Когда мы остановились и вышли из кабины, то смогли повнимательнее присмотреться к проблемным механизмам. Сразу бросилось в глаза, что ось, на часть которой опирался выплавленный подшипник, раскалилась докрасна, как будто побывала в кузнечном горне. По её окружности были видны глубокие задиры, а подбивка и масло в буксе полностью выгорели.
На наше несчастье, депо работало лишь в дневную смену. Ворота для заезда в депо были изнутри закрыты на запоры, а на дверях висел замок. Уткин не захотел ждать утра, когда придут ремонтники, а решил своими силами ночью заменить неисправные подшипники. Григорий Александрович знал, где живёт мастер по ремонту, пошёл к нему домой и взял ключи от депо и склада запчастей.
На складе мы нашли нужные подшипники, снабжённые вкладышами с баббитовой заливкой. Однако их ещё надо было подогнать по оси шабровкой [24] , чтобы подшипник идеально лёг на ось. Этот процесс был для меня не нов. Мне приходилось заниматься шабровкой, ещё когда я работал на тракторах. Но там подшипники были относительно небольшими, электровозные же весили более пяти килограммов.
24
Шабровка (или шабрение) – высокоточное выравнивание поверхности изделия специальным режущим инструментом – шабером (Прим. ред.)
Первым делом мы постарались понять, какие из наших подшипников ещё пригодны для работы. Подозрение вызывали три штуки. Они были установлены в дымившихся буксах, но переставших дымить после того, как я спецкрючком «пошуровал» подбивку. Мы снимали и проверяли их поочерёдно. В результате пришли к выводу, что они годны к дальнейшей эксплуатации.
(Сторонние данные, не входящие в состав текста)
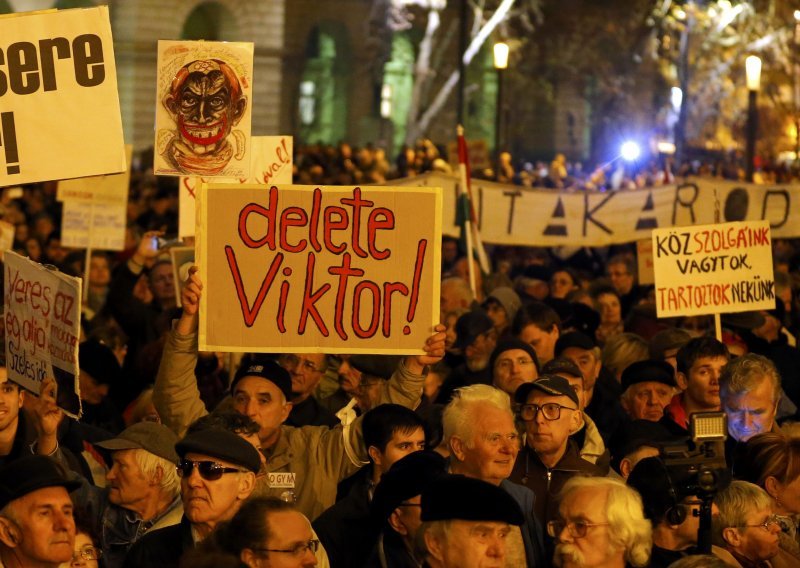 Deseci tisuća Mađara na ulicama zbog korupcije
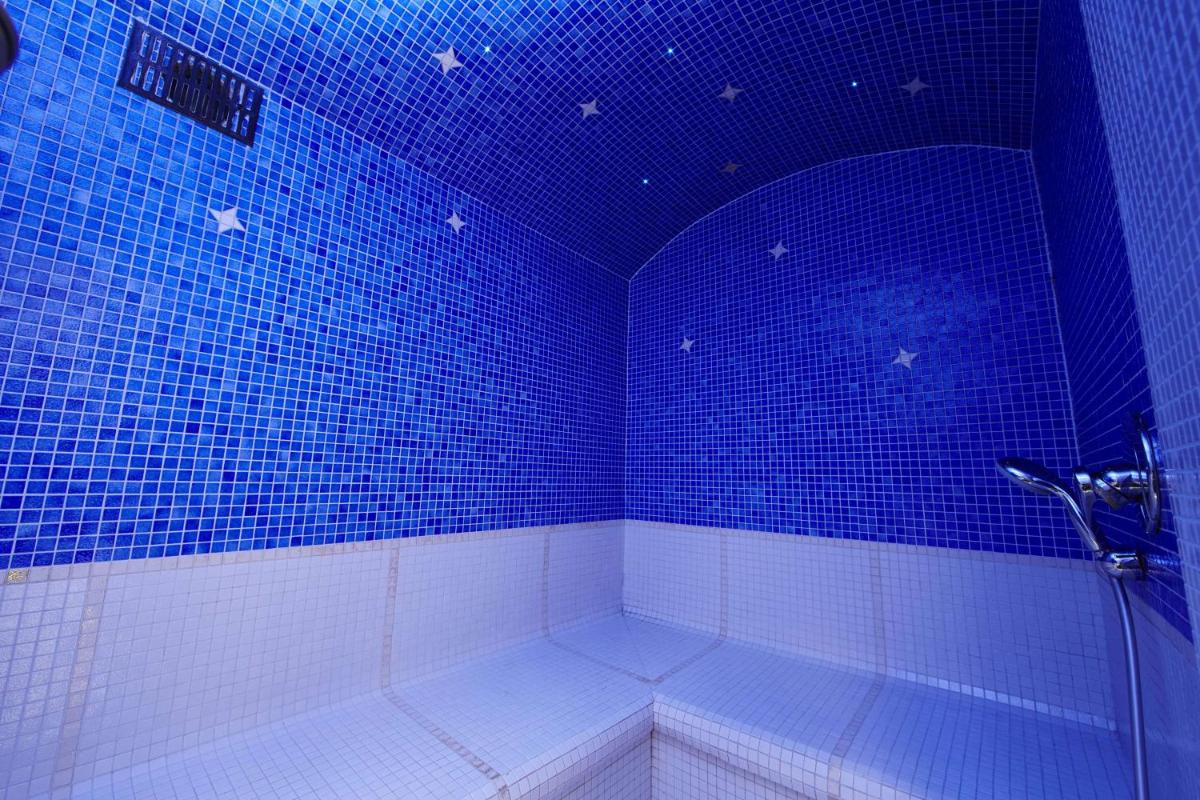 Salle de bains dans l'établissement Best Western Plus Au cheval Blanc à Mulhouse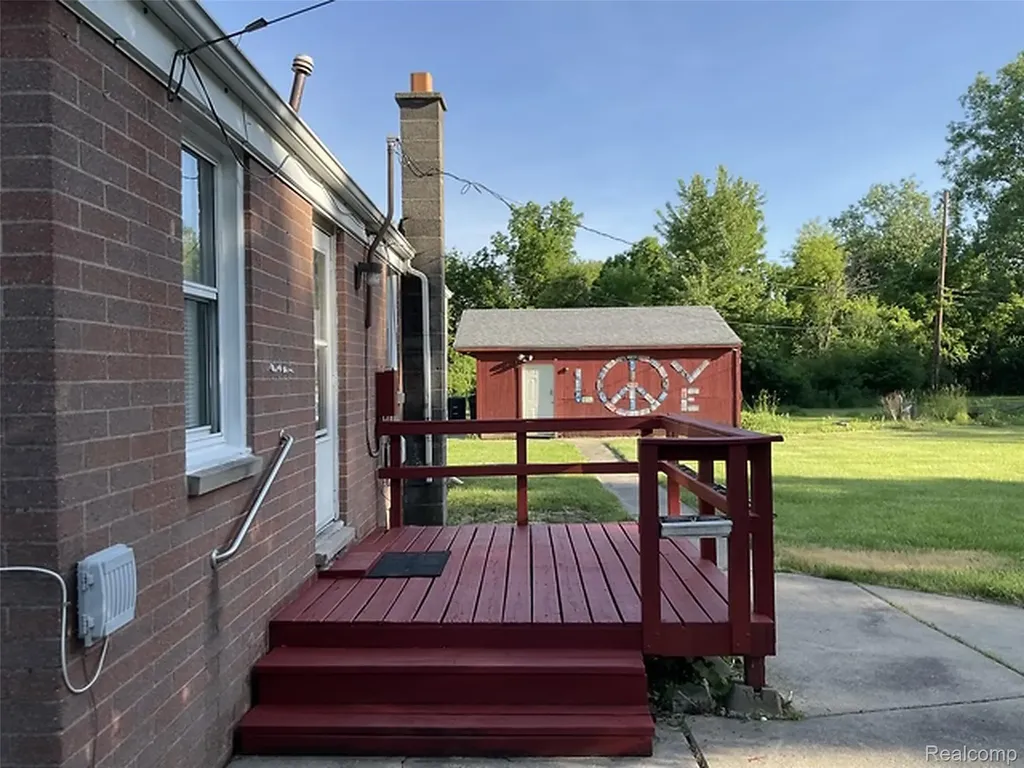 14180 Huron Street Taylor City MI 48180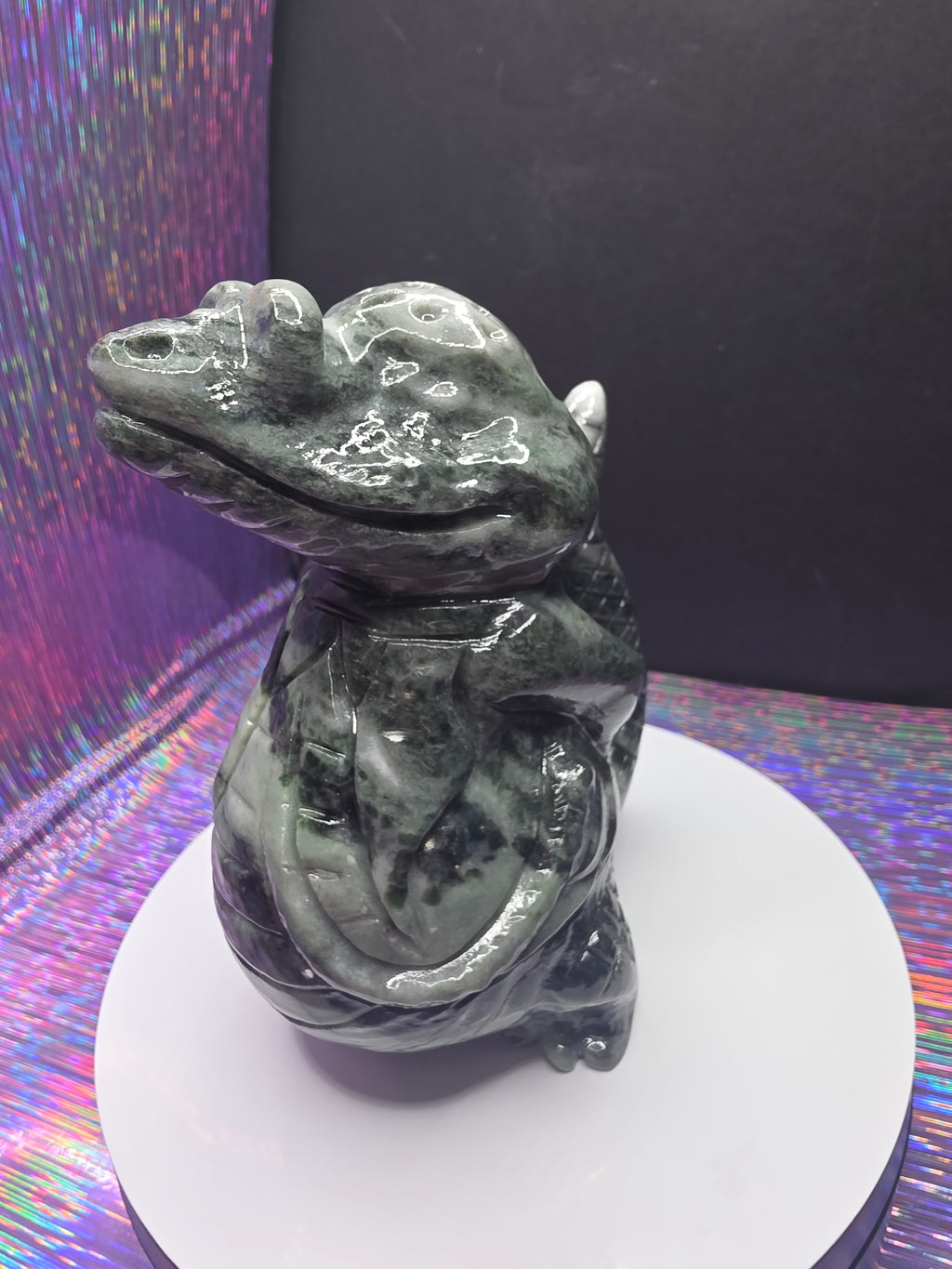 Green Nephrite Jade Fancy Standing Alligator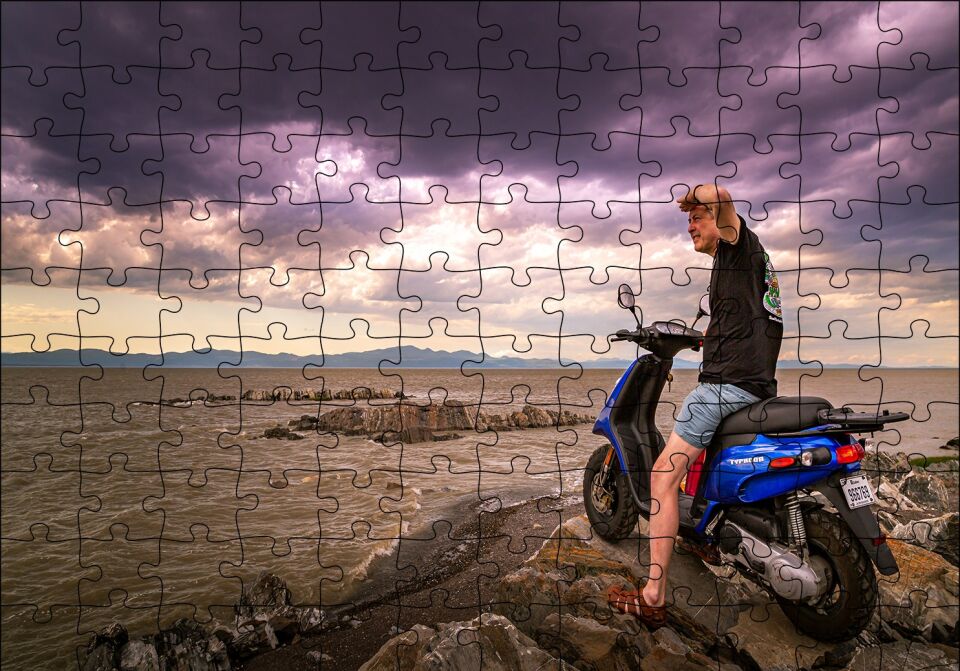 Kayalıklar Deniz Bulutlar ve Motorlu Adam Puzzle Yapboz MDF Ahşap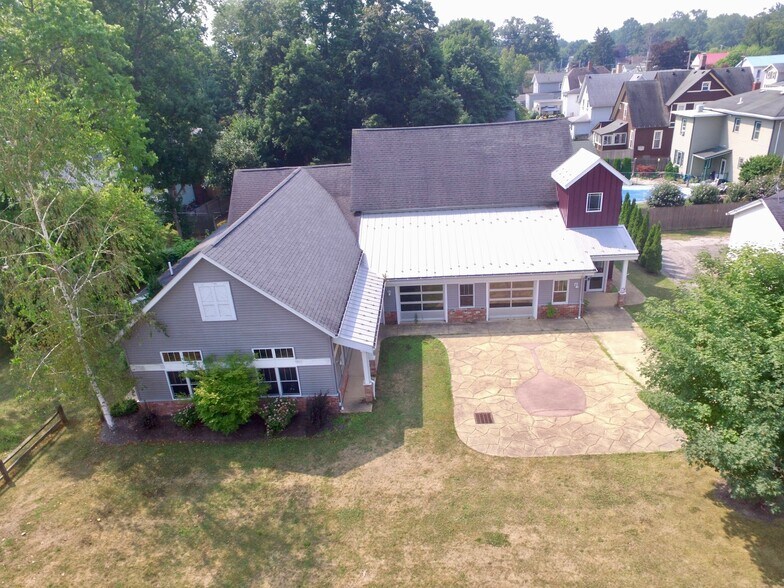 135 S Eagle St, Geneva, OH à vendre - Photo de l’immeuble – Image 3 sur 30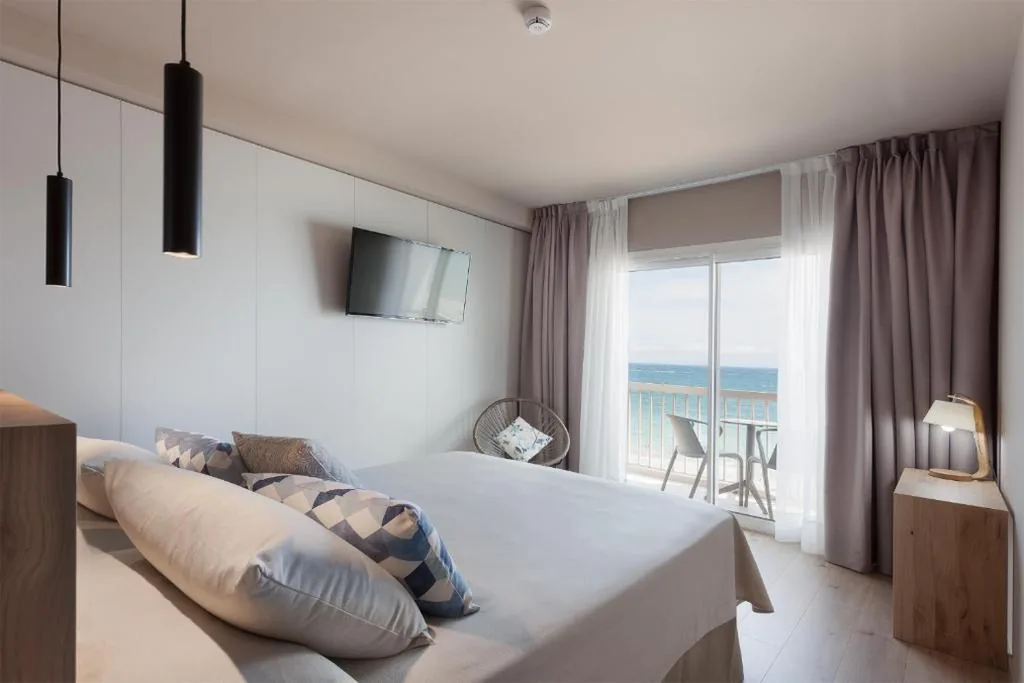 Suite Deluxe com vista para o mar — Hotel Maritim 4 Superior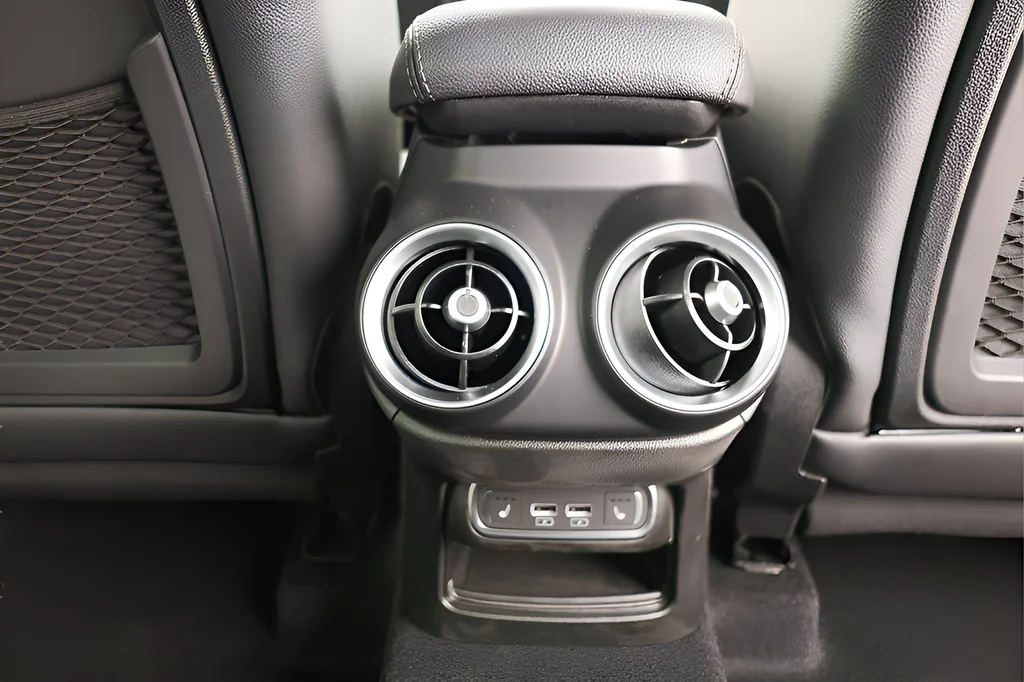 2026 Alfa Romeo Stelvio Base - Photo 14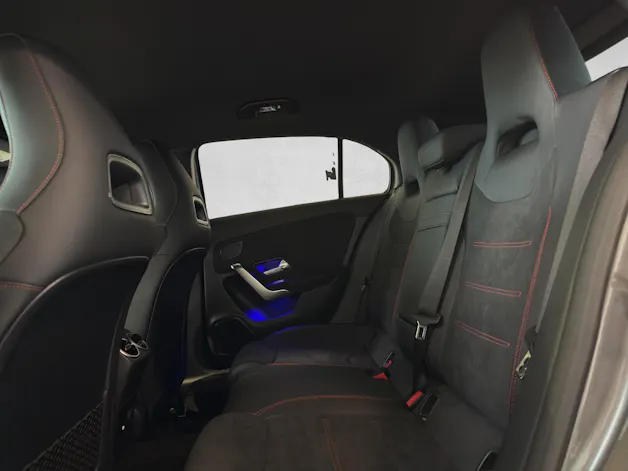 MERCEDES-BENZ A 250 AMG Line 4M W177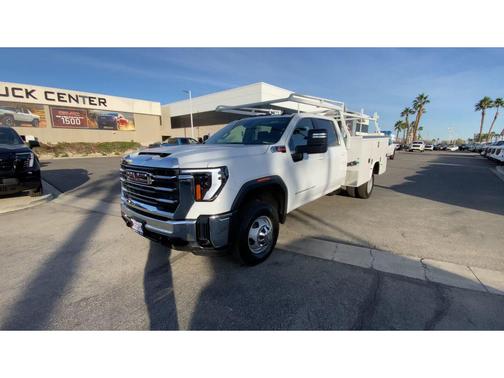 2026 GMC Sierra 3500 SLE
Для проверки и замены подшипников мы не заезжали в депо, а работали на улице у ворот, на освещённом месте. Было начало октября, ещё не было холодно. Чтобы достать подшипник из буксы, мы наезжали колесом на специальный башмак. При этом букса приподнималась, я подкладывал под неё на элемент рамы металлическую болванку, после чего по моей команде машинист съезжал с башмака. Ось с подшипником опускалась вниз, а букса оставалась приподнятой. Теперь подшипник можно было свободно вынимать. После проверки, замены (если это было необходимо), подгонки и установки подшипника на место снова нужно было заехать на башмак и убрать подкладку из-под буксы. Таким образом мы заменили три подшипника.
Долго пришлось повозиться с осью, которая нагревалась докрасна и имела задиры на поверхности. Я шлифовал её около часа наждачной бумагой. В результате мне удалось убрать острые кромки борозд и немного уменьшить глубину круговых задиров. Затем мы залили в буксы смазку и заменили подбивочный материал.
Не нужно было быть ясновидящим, чтобы понять, что к этому печальному исходу привели эксперименты заместителя начальника депо во время периодического ремонта нашего локомотива. Видимо, когда ремонтники возились с системой рессор, подбивка отошла от оси, и поступление смазки к подшипнику и оси прекратилось. Ни ремонтники, ни мы с машинистом не догадались поворошить смазочный материал в буксах, а ведь с этой работой можно было управиться буквально за десять минут! Я подумал, что это первый подобный случай в этом депо, иначе бы кто-нибудь обязательно обратил внимание на важность подобной «мелочи». Нам же для ликвидации последствий пришлось двенадцать часов заниматься труднейшей работой, да ещё ночью, без перерыва после суточной смены.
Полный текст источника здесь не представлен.